**Data excerpts**
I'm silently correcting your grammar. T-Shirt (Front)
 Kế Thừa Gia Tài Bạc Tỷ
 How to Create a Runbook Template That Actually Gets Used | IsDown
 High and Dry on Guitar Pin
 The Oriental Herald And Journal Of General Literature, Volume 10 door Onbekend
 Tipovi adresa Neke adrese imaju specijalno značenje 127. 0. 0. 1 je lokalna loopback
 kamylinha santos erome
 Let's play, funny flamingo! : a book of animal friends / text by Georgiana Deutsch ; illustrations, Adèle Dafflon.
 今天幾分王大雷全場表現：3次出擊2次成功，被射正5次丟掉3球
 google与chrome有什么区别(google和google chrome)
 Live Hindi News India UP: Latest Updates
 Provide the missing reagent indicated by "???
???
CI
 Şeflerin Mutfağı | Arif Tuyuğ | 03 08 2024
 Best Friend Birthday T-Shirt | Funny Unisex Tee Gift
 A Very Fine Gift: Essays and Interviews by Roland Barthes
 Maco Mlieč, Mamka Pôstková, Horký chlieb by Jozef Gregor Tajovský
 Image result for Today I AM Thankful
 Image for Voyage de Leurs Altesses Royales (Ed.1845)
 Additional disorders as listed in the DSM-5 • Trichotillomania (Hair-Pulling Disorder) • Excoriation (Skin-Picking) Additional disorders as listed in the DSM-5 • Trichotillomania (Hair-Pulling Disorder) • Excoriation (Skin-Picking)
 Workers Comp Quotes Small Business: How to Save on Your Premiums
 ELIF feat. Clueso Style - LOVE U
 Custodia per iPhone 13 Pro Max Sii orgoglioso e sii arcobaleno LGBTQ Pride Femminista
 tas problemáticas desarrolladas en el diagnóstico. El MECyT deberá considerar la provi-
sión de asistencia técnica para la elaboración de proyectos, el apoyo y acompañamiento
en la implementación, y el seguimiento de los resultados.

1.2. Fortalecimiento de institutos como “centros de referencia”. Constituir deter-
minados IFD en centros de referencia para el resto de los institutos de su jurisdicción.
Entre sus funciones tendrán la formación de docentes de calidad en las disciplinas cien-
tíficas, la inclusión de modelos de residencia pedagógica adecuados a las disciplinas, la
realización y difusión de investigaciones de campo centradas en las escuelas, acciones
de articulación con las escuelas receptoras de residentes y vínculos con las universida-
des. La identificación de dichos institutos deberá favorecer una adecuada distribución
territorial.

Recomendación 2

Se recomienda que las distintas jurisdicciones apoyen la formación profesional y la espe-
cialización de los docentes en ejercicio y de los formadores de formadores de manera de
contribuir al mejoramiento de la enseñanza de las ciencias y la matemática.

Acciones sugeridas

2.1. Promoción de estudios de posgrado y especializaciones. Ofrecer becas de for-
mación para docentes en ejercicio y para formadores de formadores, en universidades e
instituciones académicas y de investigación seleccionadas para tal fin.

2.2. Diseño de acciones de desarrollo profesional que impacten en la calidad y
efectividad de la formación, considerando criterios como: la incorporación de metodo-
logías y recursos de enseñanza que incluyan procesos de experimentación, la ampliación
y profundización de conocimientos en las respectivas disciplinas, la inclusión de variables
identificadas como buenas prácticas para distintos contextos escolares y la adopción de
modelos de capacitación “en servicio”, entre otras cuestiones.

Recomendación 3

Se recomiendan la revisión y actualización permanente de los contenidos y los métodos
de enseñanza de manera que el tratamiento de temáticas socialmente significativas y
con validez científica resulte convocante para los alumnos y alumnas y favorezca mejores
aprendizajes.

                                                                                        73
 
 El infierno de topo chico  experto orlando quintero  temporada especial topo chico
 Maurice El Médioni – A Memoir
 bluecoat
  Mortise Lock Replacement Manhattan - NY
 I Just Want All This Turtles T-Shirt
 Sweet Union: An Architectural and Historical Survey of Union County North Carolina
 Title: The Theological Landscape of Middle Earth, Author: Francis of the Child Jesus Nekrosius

**Task details**
Which lines hold the word "formadores"? Copy each of them from the records.

**Written solution**
cialización de los docentes en ejercicio y de los formadores de formadores de manera de
mación para docentes en ejercicio y para formadores de formadores, en universidades e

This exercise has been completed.